Trends and Intervention Results for Unusual Antipsychotic Polypharmacy Prescribing Patterns for Florida Adult and Child Medicaid Population: 2007-2013

Beom S. Lee, Ph.D., Marie A. McPherson, M.B.A., Rajiv Tandon, M.D., Sabrina Singh, M.P.H., Mary Elizabeth Jones, R.Ph., Edmund R. Becker, Ph.D.

Abstract


Background: The rapid growth in the use of antipsychotic medications has created challenges for Medicaid programs in many states. One area of particular concern has been and continues to be unusual antipsychotic polypharmacy prescribing patterns (UAPPPs) for adults and children. Our project has monitored 24 quarters of antipsychotic prescribing patterns for adults and children written by all Florida Medicaid prescribers over the July 2007 through June 2013 period and intervened with selected prescribers with UAPPPs patterns against a set of psychotherapeutic medication guidelines developed and updated in a series of meetings with national experts.  This study reports our 6-year findings.

Methods: The Medicaid Drug Therapy Management Program for Behavioral Health (MDTMP) at the University of South Florida analyzed the Florida Medicaid prescription patterns for adult and child patients using three measures of UAPPP developed by our expert consensus panels: (1) two antipsychotics for 90 or more days (2AP90), (2) three antipsychotics for 60 days (3AP60), and (3) three antipsychotics for 90 days (3AP90). We report the trends for any prescriber for adult and child Medicaid patients that incurred a UAPPP as well as the results of 250 prescribers that received an intervention.

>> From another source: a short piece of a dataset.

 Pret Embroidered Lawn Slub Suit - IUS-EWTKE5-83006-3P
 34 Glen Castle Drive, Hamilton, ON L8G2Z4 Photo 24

Results: In FY 2012/13, the number of unique adult-patient prescribers hitting one or more UAPPPs had risen to 10,822 prescribers; a 27.3% increase from six years earlier.  For children, over the same period, Florida Medicaid prescribers that wrote at least one UAPPP script grew 4.8% to 3,025 prescribers.  Overall, for prescribers that wrote one or more UAPPP scripts for both adult and child Medicaid patients, over the  6-year period, the number of scripts per patient and the number of scripts per provider declined ranging from -4.2% to -15.1%.  While the group of adult-patient prescribers that wrote one or more UAPPPs showed mixed results on the three UAPPP measures, the group of child-patient prescribers that wrote one or more UAPPPs showed substantial declines in their numbers of patients, numbers of scripts, and number of scripts per prescriber ranging from -22.4% to -100% for each of these three measures.  The 250 prescribers, who were among the highest  adult- and child-patient prescribers, and experienced an intervention by MDTMP representatives, showed even greater declines in their UAPPP practice patterns and  measures. 

Conclusions: We found that over the six-year study period there were substantial declines in most UAPPP measures of child patients for any prescribers that had one or more UAPPPs and the declining trend was even more substantial when the prescribers were targeted for an intervention by the MDTMP program. For adult patients, the MDTMP interventions for prescribers that incurred an UAPPP also appeared successful for many measures, but for those prescribers that did not experience an intervention the results were mixed.